Bio Menace tries to create a believable world. Completing levels is just shorthand for “rescuing civilians”. Reaching high places means finding a ladder or riding an elevator, instead of jumping 30 feet. Health powerups and keys are usually found in places that make logical sense, like lockers and cabinets.
This part of Bio Menace hasn’t aged. In fact, it anticipates the future of gaming. The arcades were going away, and the industry was pupating into the next stage of its life: immersive experiences dependent on technology and sensory realism. Bio Menace, with its stupid monsters and EGA pixels, is far from immersive. But playing that first level, with its eerie post-apocalyptic vibe, you can see that the winds are starting to change. For better or worse, games would soon start trying to be movies.
There’s even an effort made at narrative.
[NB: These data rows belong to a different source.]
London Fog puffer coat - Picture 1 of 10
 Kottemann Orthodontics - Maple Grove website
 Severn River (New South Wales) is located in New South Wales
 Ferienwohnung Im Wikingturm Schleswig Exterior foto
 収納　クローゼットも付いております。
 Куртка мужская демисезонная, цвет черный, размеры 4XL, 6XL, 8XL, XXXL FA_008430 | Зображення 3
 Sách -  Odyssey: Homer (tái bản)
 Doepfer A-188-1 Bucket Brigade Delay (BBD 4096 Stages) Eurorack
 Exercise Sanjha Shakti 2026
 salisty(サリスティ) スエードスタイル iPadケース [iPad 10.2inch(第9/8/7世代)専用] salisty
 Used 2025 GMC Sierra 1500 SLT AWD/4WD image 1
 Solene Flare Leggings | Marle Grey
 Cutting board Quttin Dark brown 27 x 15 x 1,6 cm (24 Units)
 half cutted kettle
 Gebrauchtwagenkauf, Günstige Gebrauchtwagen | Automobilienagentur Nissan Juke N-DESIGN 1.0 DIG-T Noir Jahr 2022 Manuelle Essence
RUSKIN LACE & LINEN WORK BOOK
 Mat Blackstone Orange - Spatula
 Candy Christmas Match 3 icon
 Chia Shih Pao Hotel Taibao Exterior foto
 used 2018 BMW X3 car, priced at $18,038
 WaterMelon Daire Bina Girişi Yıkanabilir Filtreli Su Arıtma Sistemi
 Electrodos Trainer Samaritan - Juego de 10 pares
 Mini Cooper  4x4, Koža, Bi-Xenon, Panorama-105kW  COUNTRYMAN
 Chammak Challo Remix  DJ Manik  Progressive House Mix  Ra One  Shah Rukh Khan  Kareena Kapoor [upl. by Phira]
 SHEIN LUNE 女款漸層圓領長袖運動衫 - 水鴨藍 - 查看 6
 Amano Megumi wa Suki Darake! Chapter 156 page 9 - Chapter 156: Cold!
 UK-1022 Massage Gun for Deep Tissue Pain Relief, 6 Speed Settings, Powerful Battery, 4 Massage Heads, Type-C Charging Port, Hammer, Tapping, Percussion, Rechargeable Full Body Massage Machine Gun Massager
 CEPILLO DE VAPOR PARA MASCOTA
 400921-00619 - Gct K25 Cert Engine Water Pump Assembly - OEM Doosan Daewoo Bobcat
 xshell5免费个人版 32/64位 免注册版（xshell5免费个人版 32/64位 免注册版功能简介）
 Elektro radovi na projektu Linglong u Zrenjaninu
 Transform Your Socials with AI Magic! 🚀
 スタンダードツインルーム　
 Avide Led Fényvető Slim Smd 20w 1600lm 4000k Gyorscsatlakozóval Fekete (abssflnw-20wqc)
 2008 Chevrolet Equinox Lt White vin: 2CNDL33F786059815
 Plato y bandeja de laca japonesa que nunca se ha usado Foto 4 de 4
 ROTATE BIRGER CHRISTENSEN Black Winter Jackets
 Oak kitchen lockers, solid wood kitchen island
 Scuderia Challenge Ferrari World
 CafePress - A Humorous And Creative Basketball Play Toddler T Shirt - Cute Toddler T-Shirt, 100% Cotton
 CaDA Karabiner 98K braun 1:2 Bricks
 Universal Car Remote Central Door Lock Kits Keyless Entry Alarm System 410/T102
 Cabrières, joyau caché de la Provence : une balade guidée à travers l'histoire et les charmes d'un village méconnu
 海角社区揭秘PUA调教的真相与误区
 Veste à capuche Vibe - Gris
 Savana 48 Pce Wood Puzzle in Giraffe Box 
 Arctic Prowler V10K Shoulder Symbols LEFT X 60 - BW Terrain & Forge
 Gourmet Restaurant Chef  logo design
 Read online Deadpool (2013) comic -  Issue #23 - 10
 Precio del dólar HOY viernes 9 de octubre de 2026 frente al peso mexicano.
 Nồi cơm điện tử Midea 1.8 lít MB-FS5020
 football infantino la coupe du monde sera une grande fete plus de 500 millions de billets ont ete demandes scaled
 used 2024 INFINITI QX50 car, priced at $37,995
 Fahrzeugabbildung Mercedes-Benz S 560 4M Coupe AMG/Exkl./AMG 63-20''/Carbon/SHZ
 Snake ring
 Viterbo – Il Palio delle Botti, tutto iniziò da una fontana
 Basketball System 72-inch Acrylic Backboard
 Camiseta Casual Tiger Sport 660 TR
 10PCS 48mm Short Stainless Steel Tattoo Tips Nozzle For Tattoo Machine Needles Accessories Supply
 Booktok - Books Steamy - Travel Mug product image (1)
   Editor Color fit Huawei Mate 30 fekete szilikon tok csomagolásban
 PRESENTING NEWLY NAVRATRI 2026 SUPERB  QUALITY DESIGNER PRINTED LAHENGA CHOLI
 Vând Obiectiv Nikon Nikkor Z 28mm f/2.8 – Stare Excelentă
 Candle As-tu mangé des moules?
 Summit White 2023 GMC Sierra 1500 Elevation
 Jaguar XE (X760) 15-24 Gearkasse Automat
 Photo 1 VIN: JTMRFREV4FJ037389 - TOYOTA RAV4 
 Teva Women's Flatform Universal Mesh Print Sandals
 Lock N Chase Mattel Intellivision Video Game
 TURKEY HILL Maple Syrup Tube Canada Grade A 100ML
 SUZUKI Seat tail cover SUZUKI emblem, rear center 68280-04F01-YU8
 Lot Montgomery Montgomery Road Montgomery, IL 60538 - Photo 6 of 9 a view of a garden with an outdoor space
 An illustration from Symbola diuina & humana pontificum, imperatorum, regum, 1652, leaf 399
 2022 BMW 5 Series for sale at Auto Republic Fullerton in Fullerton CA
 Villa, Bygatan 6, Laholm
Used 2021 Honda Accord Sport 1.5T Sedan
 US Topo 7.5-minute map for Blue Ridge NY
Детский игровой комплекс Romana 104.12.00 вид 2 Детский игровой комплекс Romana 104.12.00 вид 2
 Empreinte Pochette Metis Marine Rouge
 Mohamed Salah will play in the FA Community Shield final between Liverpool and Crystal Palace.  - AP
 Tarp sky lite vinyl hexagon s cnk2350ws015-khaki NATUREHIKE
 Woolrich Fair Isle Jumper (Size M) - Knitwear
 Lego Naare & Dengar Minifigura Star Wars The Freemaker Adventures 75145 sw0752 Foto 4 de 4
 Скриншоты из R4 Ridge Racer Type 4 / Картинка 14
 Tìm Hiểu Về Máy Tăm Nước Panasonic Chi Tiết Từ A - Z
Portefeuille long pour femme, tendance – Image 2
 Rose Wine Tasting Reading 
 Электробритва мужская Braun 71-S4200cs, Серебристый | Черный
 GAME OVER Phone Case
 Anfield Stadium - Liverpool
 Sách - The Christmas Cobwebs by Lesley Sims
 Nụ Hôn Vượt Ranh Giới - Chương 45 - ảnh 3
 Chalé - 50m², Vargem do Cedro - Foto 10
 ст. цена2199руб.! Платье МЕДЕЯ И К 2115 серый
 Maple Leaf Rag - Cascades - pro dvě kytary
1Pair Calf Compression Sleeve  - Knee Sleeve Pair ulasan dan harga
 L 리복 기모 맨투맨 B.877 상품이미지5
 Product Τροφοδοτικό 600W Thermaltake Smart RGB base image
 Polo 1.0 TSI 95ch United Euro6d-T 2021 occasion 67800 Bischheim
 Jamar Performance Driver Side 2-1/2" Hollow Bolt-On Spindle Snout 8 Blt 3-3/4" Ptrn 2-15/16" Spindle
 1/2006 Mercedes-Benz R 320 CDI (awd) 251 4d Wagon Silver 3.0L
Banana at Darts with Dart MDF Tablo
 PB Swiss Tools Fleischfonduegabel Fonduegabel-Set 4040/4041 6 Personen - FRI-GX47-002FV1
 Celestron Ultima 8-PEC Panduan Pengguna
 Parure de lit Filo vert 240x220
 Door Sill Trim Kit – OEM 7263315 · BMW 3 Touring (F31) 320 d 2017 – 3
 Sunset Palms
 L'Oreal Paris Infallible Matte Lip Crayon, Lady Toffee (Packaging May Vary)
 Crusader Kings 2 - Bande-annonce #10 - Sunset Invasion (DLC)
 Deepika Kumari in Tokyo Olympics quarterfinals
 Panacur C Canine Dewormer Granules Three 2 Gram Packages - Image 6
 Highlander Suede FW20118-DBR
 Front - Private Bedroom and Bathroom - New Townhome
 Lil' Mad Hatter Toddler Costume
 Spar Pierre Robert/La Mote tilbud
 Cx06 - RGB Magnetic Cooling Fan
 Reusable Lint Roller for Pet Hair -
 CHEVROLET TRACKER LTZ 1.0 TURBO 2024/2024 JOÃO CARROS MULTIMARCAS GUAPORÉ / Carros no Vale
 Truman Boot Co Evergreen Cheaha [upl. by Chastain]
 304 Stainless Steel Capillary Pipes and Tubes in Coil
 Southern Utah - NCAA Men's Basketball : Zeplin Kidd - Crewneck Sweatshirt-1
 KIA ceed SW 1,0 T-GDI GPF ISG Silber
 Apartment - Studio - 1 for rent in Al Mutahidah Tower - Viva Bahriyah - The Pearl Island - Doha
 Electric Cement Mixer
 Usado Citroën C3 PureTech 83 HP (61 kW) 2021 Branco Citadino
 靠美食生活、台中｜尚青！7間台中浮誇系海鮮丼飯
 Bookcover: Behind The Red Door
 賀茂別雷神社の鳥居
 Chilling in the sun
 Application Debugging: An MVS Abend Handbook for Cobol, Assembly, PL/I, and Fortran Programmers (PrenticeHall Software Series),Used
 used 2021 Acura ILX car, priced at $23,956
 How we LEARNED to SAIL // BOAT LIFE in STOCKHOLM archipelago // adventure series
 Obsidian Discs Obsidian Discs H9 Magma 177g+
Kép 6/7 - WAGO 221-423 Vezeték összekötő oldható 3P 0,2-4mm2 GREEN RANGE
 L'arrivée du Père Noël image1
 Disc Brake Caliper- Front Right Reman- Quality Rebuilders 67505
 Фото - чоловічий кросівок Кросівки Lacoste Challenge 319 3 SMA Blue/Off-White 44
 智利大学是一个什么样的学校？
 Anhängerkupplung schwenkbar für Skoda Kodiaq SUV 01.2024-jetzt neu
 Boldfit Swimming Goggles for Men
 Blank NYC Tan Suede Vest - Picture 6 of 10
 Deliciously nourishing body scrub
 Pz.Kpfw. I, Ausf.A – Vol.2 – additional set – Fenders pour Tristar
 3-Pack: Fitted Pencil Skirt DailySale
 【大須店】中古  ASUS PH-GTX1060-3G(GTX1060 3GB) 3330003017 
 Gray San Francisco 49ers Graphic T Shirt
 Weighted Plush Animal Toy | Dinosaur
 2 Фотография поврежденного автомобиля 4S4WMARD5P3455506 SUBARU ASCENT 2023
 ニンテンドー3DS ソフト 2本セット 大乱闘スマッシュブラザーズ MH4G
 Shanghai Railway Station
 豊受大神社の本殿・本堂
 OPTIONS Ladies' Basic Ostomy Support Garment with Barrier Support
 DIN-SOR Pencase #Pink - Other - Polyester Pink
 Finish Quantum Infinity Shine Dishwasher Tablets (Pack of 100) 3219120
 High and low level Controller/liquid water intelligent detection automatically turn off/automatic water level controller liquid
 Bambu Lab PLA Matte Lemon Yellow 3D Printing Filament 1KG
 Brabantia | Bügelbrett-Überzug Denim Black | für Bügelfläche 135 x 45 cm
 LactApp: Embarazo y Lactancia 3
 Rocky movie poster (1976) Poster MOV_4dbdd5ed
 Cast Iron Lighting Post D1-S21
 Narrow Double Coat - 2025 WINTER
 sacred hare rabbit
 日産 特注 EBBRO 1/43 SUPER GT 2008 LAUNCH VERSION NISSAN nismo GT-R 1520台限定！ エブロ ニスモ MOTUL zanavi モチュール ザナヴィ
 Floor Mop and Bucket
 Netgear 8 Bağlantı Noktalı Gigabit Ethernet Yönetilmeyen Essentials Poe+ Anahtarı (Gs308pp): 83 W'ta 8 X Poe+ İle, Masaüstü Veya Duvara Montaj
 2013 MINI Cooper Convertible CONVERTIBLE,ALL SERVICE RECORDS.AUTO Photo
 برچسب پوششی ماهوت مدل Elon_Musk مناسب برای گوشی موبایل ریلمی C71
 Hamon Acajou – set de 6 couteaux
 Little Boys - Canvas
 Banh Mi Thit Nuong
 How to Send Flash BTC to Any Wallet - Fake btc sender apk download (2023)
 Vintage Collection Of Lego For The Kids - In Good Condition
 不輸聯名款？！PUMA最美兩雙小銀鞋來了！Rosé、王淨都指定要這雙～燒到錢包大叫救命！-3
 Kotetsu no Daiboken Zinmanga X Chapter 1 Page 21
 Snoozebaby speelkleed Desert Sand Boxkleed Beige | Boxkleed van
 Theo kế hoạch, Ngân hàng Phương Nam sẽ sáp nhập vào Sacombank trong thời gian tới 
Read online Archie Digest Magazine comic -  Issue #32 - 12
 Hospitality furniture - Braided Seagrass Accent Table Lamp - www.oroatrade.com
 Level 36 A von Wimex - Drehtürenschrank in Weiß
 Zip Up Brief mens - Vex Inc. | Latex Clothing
When you rescue a civilian, Snake Logan has a little tete-a-tete with them, with dialog as amazing as you’d expect (“I’m gonna dust that little dweeb! He can’t do this and escape!”)…hey, at least it’s only the second worst-written videogame about a spec forces operative called Snake, am I right ba-dum tisshhh hurr hurr.
It exemplifies Apogee’s approach: funnel out cheap (and cheaply made) games under a “shareware” business model. You got to play the first 30% of the game for free, and since that 30% typically contained 80% of the game’s actual worthwhile content, this was a pretty good deal. But it did lend itself to disposable experiences, and games that were copy-pastes of some other popular title.
Bio Menace is a minor game, without the arthouse pretensions of Eric Chahi’s Out of this World or the rotoscoped professionalism of Jordan Mechner’s Prince of Persia. It probably made some money, and even if it didn’t, it surely wasn’t a big red stain on Apogee’s balance sheets. Bio Menace is like throwing ten cents down on a roulette spin. Is it worth playing now? No, unless you’re a fan of “ARE YOU A BAD ENOUGH DUDE TO RESCUE THE PRESIDENT?”-style shlock.